How to get only links that has a particular id from list of links using selenium-CodePudding

I am new to the selenium framework and I must say it is an awesome library. I am basically trying to get all links from a webpage that has a particular id "pagination", and isolate them from links that don't have such id, reasons because I want to go through all the pages in this link.

for j in browser.find_elements(By.CSS_SELECTOR, "div#col-content > div.main-menu2.main-menu-gray strong a[href]"): 
     print(j.get_property('href')))

The code above gets all the links with and without pagination.

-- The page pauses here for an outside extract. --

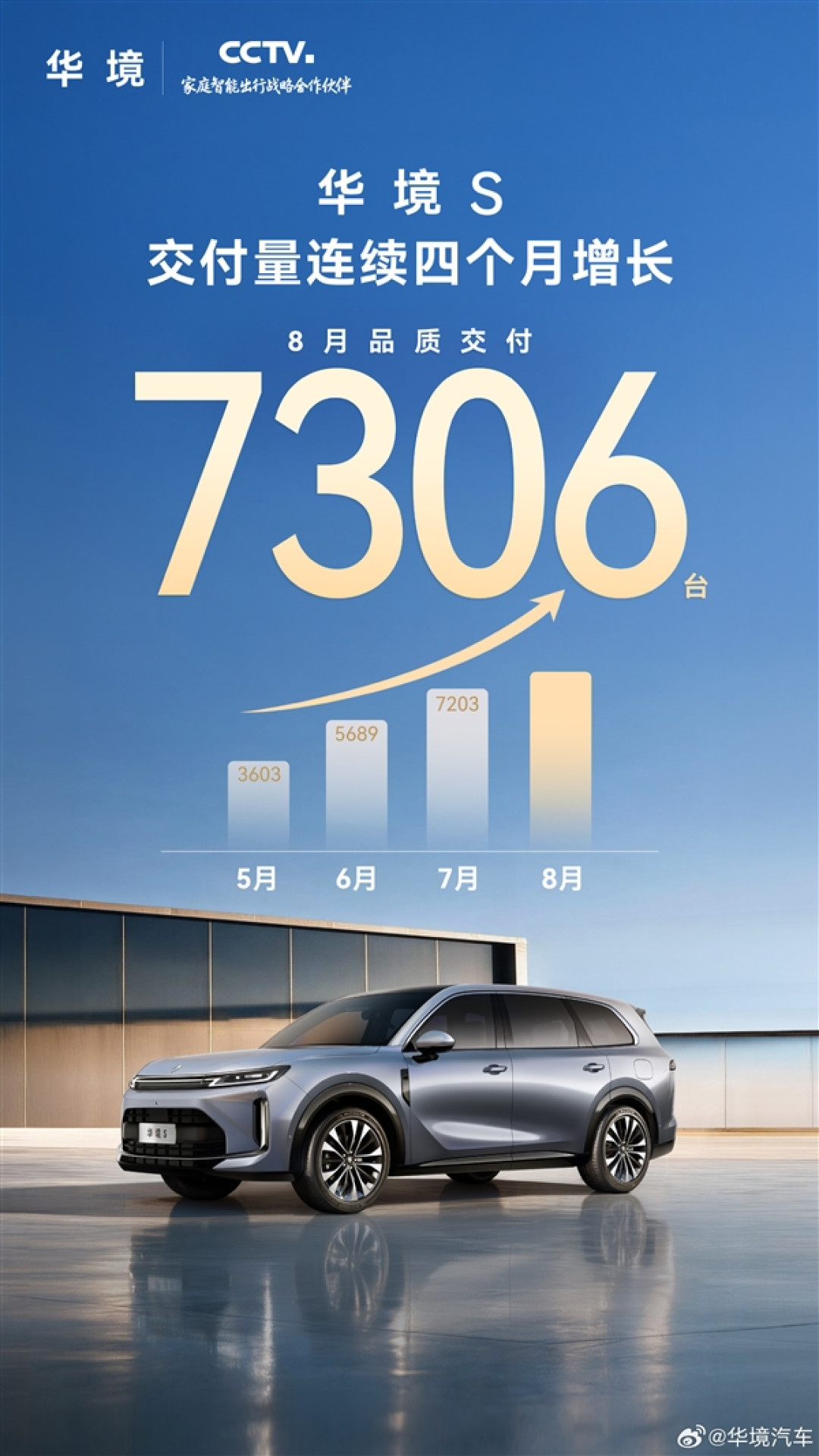 五菱捡到宝了！华境S单月交付7306台：已连续增长4个月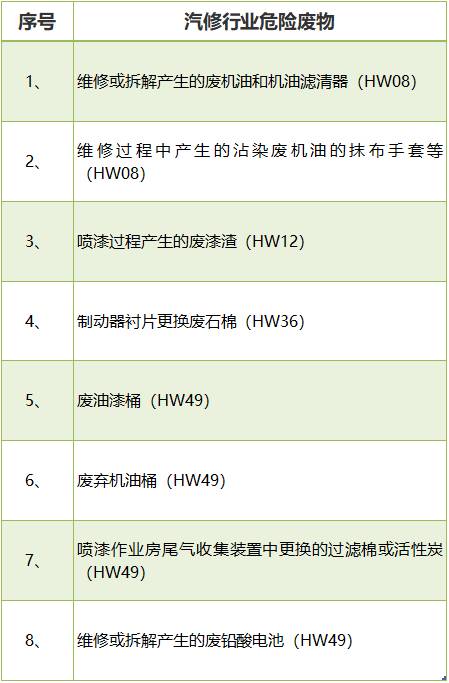 圖片2 圖片2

example links with pagination.

https://www.oddsportal.com/soccer/africa/africa-cup-of-nations-2015/results/
https://www.oddsportal.com/soccer/england/premier-league-2020-2021/results/
https://www.oddsportal.com/soccer/africa/africa-cup-of-nations-2021/results/
https://www.oddsportal.com/soccer/africa/africa-cup-of-nations-2019/results/

example links without pagination.

https://www.oddsportal.com/soccer/africa/africa-cup-of-nations/results/

In my code, I try to find if the given ID exists on the page, pagination = browser.find_element(By.ID, "pagination") but I stumble on an error, I understand the reason for the error, and it is coming from the fact that the ID "pagination" does not exist on some of the links.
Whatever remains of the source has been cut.